1944年8月10日、東京都生まれ。71年の「烏山ロフト」を皮切りに西荻、荻窪、下北沢、新宿にロフトをオープン。95年に世界初のトークライブ「ロフトプラスワン」を創設した。6月、ピースボート世界一周航海で経験した「身も心も焦がすような恋」(平野氏)を描いた「セルロイドの海」(世界書院)を刊行。作家デビューを果たした。

司会は下北沢の安アパート暮らしの坂崎幸之助だった

公開日: 更新日:

 午後2時にコンサートが始まった。司会は下北沢の安アパートに住んでいた無名のミュージシャン。坂崎幸之助。あのアルフィーの坂崎である。

 ステージの上に「第1回下北沢音楽祭」の横断幕。黒くて大きなスピーカーが、左右に3連ずつ置かれた。出演者はカルメン・マキ&ナイトストーカー、RCサクセション、あがた森魚、山岸潤史セッション、ダディ竹千代&東京おとぼけCATSなど全16バンド・総勢60人。詰め掛けた観客2000人が熱狂した。

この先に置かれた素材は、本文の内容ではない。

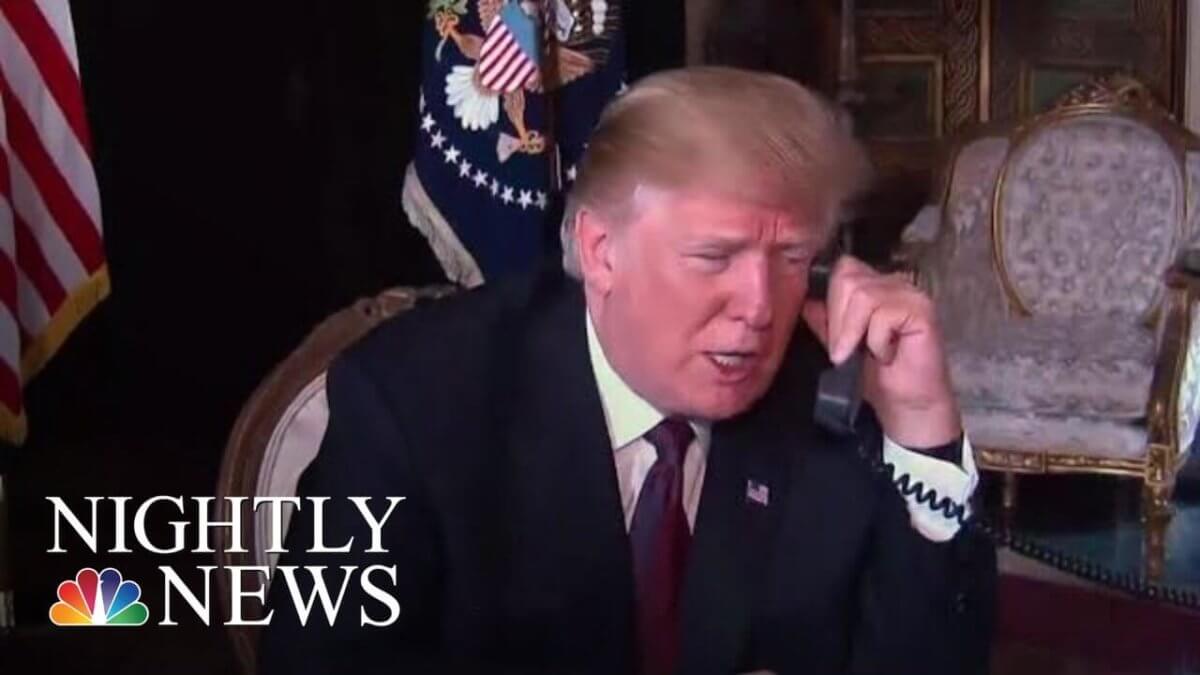 Migrantkaravanen: Trump har stängt gränsen och godkänner dödligt våld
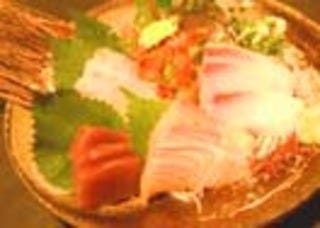 刺身盛り合わせ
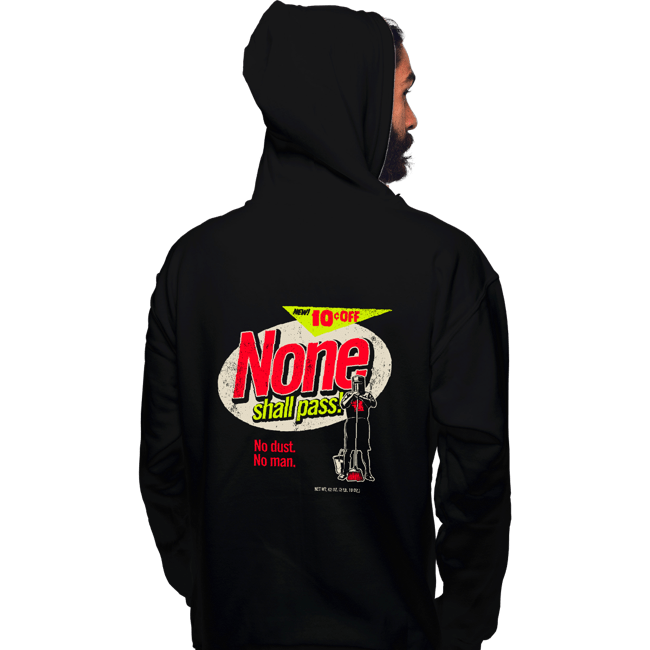 Pullover Hoodies, Unisex / Small / Black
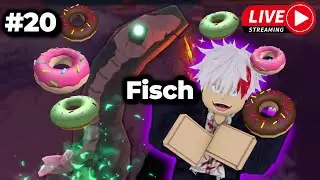 Noob to Pro in Roblox FISCH 💀 (Full Stream Replay)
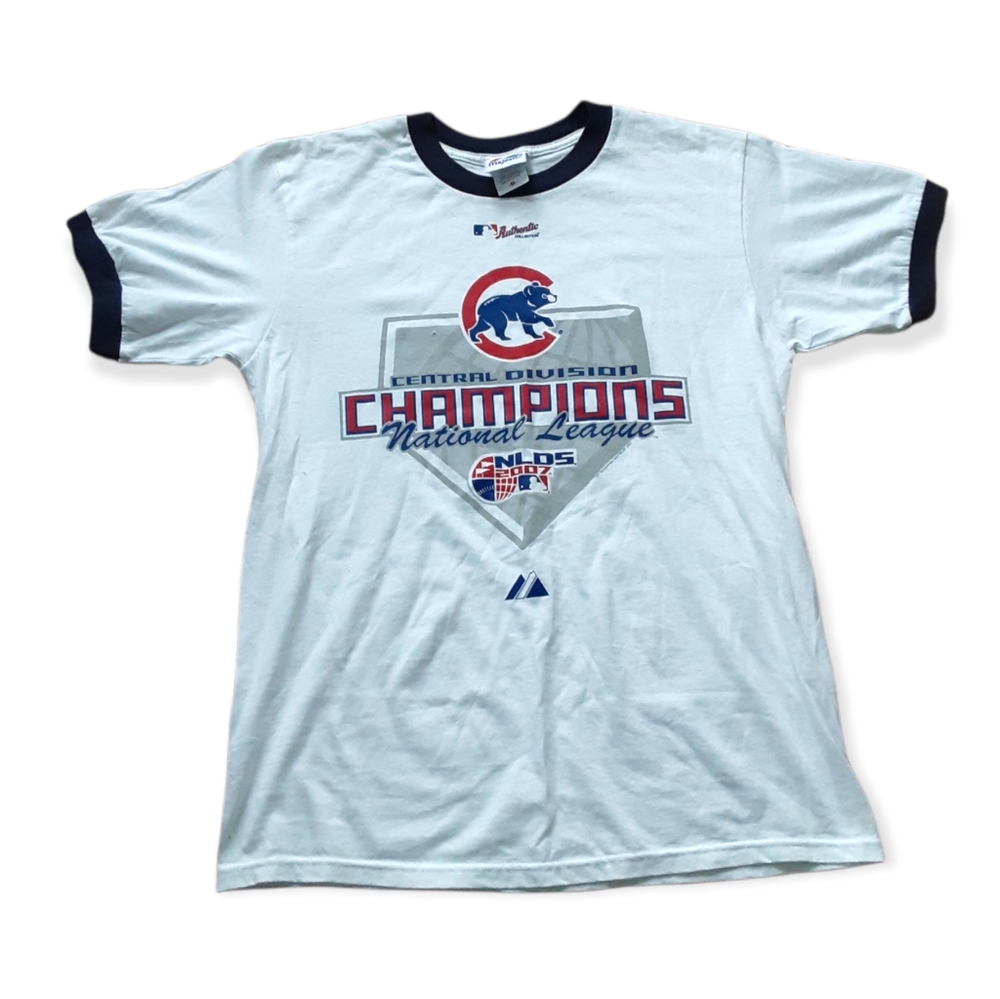 2007 CHICAGO CUBS AL CHAMPIONSHIP TEE
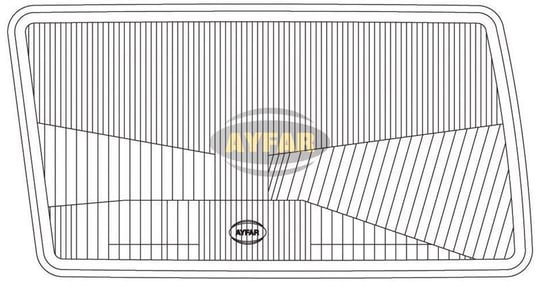 FAR CAMI AUDI 80 86>91 SAG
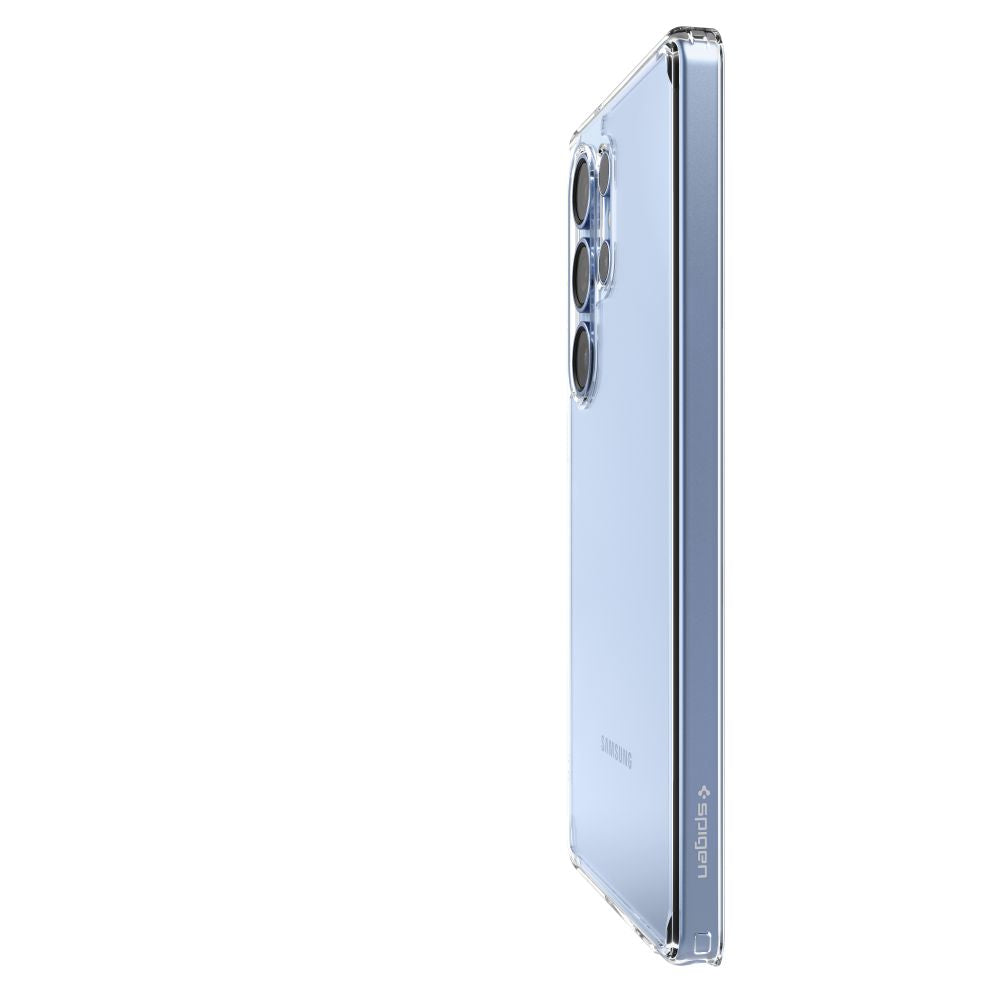ETUI SPIGEN ULTRA HYBRID SAMSUNG GALAXY S25 ULTRA CRYSTAL CLEAR TRANSPARETNE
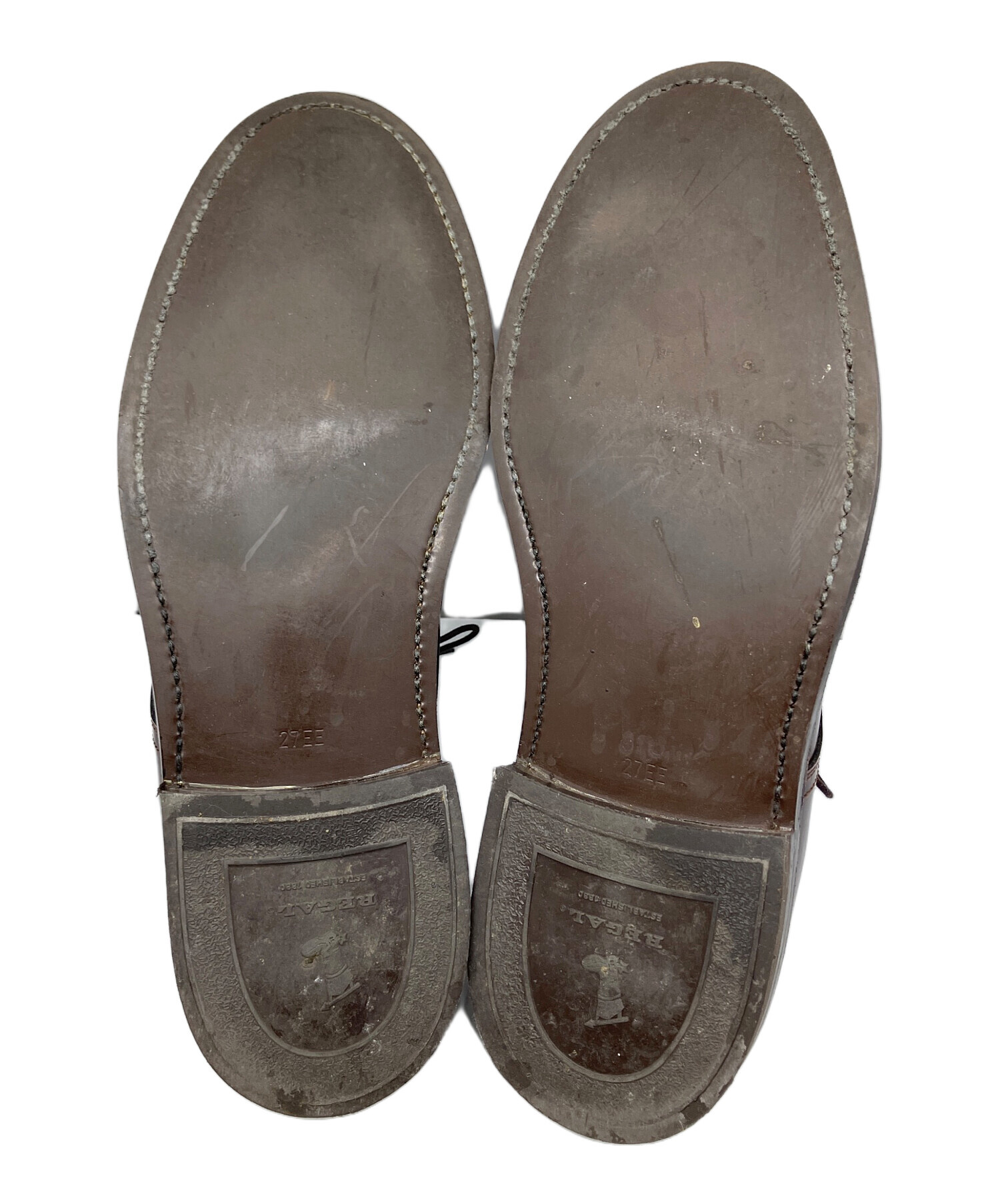 中古・古着通販】REGAL (リーガル) レザーシューズ ブラウン ブラウン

 夜になって照明がともった。驚くべき光景が見られた。ステージに向かって右側の築堤を走る井の頭線の車両が、次々と徐行運転するではないか! 電車の窓を開けてステージに向かって手を振る乗客。電車を見上げながら手を振り返す観客。

 徐行運転どころか、ついに一時停止する電車まで現れた。初日のトリを務めたカルメン・マキとCharのステージは、アンコールの声が10回以上も鳴りやまなかった。

 翌日の新聞に「電車を停めた音楽祭」という見出しが躍った。当時としても、あり得ない事態の連続に、今でも都市伝説として語り継がれている。